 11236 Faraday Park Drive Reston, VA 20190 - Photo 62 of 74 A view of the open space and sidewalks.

* * *

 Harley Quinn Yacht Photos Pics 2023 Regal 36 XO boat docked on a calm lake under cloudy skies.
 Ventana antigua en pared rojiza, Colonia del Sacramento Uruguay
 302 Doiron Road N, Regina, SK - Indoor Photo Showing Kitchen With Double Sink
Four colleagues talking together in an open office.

* * *

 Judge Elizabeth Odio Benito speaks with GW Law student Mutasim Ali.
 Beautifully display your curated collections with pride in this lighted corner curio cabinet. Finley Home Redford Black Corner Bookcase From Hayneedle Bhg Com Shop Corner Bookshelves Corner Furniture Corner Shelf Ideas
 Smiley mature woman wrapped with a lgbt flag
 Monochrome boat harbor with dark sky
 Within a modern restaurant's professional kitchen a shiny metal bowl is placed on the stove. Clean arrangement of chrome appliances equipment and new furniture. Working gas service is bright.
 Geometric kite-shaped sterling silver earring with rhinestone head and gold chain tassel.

### Work required:
From the records above, print only the lines between the one holding "Ventana antigua en" and the one holding "Four colleagues talking", inclusive, exactly as they stand.

### Exercise answer:
 Ventana antigua en pared rojiza, Colonia del Sacramento Uruguay
 302 Doiron Road N, Regina, SK - Indoor Photo Showing Kitchen With Double Sink
Four colleagues talking together in an open office.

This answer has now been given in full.